Chassis 1046 hat eine interessante Vergangenheit

RM Sotheby’s bietet nun im Rahmen der Monterey Car Week den Tucker 48 mit Chassisnummer 1046 an. Dieses Fahrzeug ist eines der acht letzten Autos, die vom verbliebenen Team zusammengebaut wurden, als Firmengründer Preston Tucker sich vor Gericht verantworten musste. Nachdem der Wagen bei der Insolvenzversteigerung 1950 verkauft wurde, hatte er ein wechselvolles Leben. So gehörte er zeitweise dem Nachtclub-, Rennstrecken- und Hotel-Besitzer Nick Jenin in Fort Lauderdale/Florida, der aufgrund der ungewöhnlichen Ausstrahlungskraft des Tucker in den 50ern bis zu neun dieser Fahrzeuge zeitgleich besaß, die er in seiner Jahrmarktshow ‚The Fabulous Tuckers‘ bis in die 1960er hinein an der Ostküste entlang tingeln ließ. Unverständlicherweise verbaute er in Nummer 1046 einen Oldsmobile-V8 unter der vorderen Haube, um seiner Tochter das Tucker-fahren zu ermöglichen, was jedoch nicht so klappte, wie er sich das vorgestellt hatte. Vor ihrer Schule erzielte sie mit dem Tucker soviel Aufsehen, dass sie abends klarstellte, lieber zu Fuß dorthin zu laufen als weiterhin diesen Wagen zu nutzen. Anschließend diente der Umbau zeitweise als Alltagsauto der Familie Jenin, bis Nick Jenin 1963 seine gesamte Tucker-Sammlung zum Verkauf anbot.
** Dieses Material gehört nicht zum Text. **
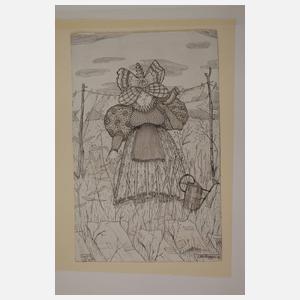 Carl Strathmann, Frau mit Hörrohr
Nummer 1046 verkaufte er an das Ehepaar Janecek in Springfield/Oregon. Hier wanderte die Tucker-Karosserie auf ein Mercury-Fahrgestell von 1964 und erhielt eine goldene Lackierung. John Janecek gehörte zu den Gründungsmitgliedern des Tucker Automobile Club of America (TACA) und fuhr seinen Wagen zu diversen Treffen in Kalifornien, Kansas und Nevada, wobei er stets auf Achse anreiste. Durch gesundheitliche Probleme verkaufte das Ehepaar den Wagen 2002 an Walter Ready in Prescott/Arizona, der ihn gemeinsam mit dem direkten Schwesterfahrzeug 1047 zeitweise im Gilmore Car Museum ausstellte. 2007 erwarb der heutige Besitzer den Tucker und traf gemeinsam mit den Markenhistorikern Martyn Donaldson und Mark Lieberman die Entscheidung, das Fahrzeug komplett in den Auslieferungszustand zurückzuversetzen. Hierfür setzte man sich mit den Experten von RM Auto Restoration im kanadischen Blenheim in Verbindung, die bereits mehrere Tucker restauriert hatten. Hier wurde ein neues Fahrgestell nachproduziert, indem man die Basis und Karosserieaufnahmen von Chassisnummer 1047 digital einscannte und anschließend per 3D-Wasserschneider passende Bauteile erstellte. Benzintank, Kofferraumboden und Teile der Torsilastic-Aufhängung entstanden auf ähnliche Weise. Zudem gelang es, einen originalen Tucker-Austauschmotor und ein nie genutztes Armaturenbrett für den neu bezogenen Innenraum zu finden. Um die Lackierung im Farbton ‚Maroon‘ so originalgetreu wie möglich zu erstellen, wurden Farbspuren eingescannt, die man unter Dichtungen und an der Innenseite des Handschuhfachdeckels fand. Das fertige Auto ist wunderschön gelungen und sieht wirklich aus, als hätte es gerade erst die Fabrikhallen verlassen. RM Sotheby’s erwartet einen Zuschlagspreis zwischen 1,8 und 2,1 Millionen US-Dollar (rund 1,56 bis 1,82 Millionen Euro).